Радуга была сама по себе, из дождя, пронзенного солнцем, что за ней проступало то же самое по себе, только смешно раскрашенное, как на уроке рисования в школе, когда ребята от полноты счастья баловались красками. Тогда Пашка Тараканище, и не балуясь, всерьез, выделывал беличьей кисточкой, водой и пуговицами с блюдца такое на слоновой, дорогой бумаге, чего и на свете не бывает, что на самом деле никогда нигде и не увидишь. Теперь радуга чудила, как ребята, и работала всерьез, как Пашка Таракан.
Все, что виделось сейчас за ней, было разное, невообразимое и задорно — веселое: волжский луг стал полосатый, с красно — оранжевым и бледно — желтым размытым блеском, вода в реке превратилась в зеленую, cxoжую с озимью в поле, избы, сараи на той стороне и Капарулина будка с сигнальным шестом оказались синие — пресиние, а лес и небо за деревней всех семи paдужных цветов и с далью гуще школьных фиолетовых чернил, а потом разбавленных, жидких, но то уже манило поднебесное сиреневое бездонье. А все вместе там, за гумном, на траве, на реке и в небе, выдуманное и невыдуманное, было еще красивее и веселее. Понятно отчего: Григорий Евгеньевич не раз говорил, что и слово‑то «радуга» произошло наверняка не только от корня «дуга», но и «рад», то есть радость. Ну, конечно, так! Истинная правда: радуга и радость — одно и то же. Вон как мамка, идя на колодец, залюбовалась и обрадовалась!
Горя — переливаясь от солнышка, сама похожая на радугу, она шепотом молит, приговаривает:
— Божья дуга, не будь долга… Вороти тихое облачко, нанеси нам ласковую тучку…
Шурка отнял у матери ведра, заорал по — своему, переиначивая слышанное, мужичье:
— Дай дожжу с толстую вожжу! Чтоб каждая дожжина лупила, как дубина!

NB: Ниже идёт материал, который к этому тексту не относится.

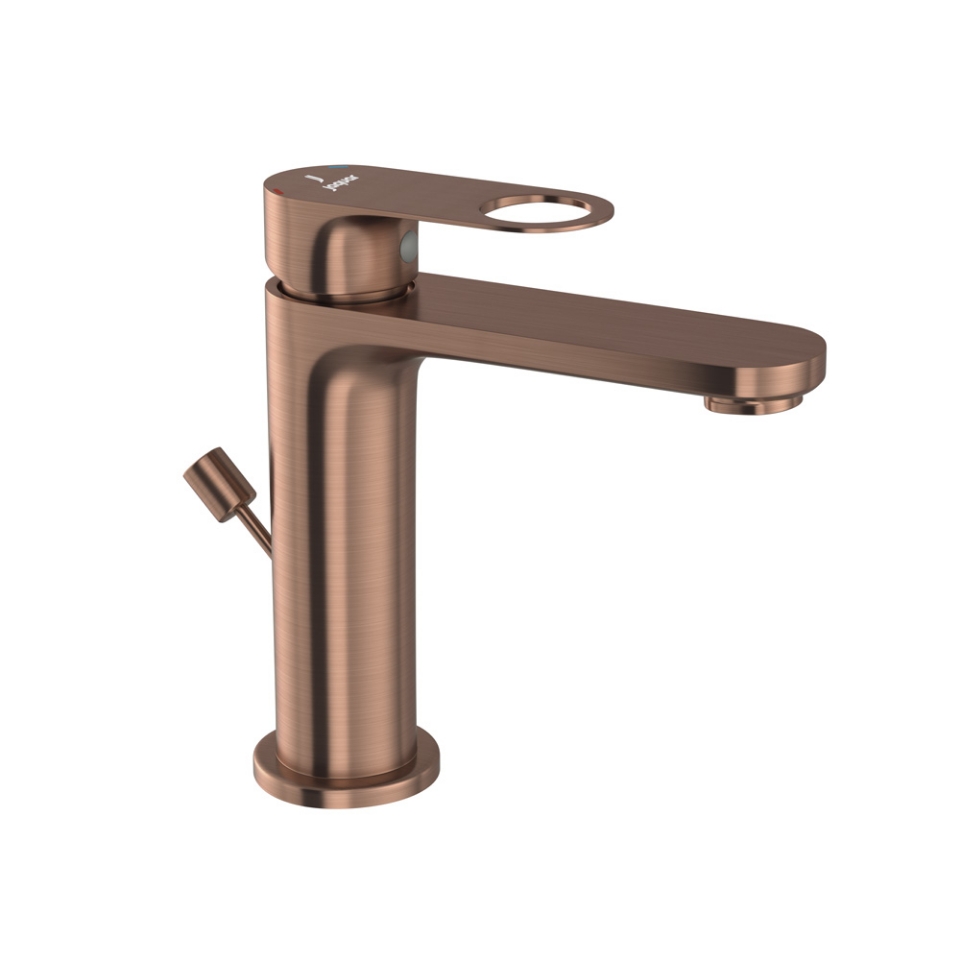 Picture of Single Lever Basin Mixer with Popup Waste - Antique Copper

Ванятка, наплясывая в луже, заливался визгом, повторял:
— Дубина! Вожжа!.. А почему? — спросил он.
— Нет, — поправила ласково мамка Шурку и Ванятку, — нельзя, вымоет семена, ничего не уродится. Дай, господи, дождичка из сита, — перекрестилась она, — Порадуй, матерь божья, владычица, припусти мороси теплой, долгой…
И ведь вымолила, выпросила мамка.
Дождь, как по заказу, заморосил с вечера, сеял ночь и все утро. В полдень переждал, отдохнул немного и зарядил еще на двое суток.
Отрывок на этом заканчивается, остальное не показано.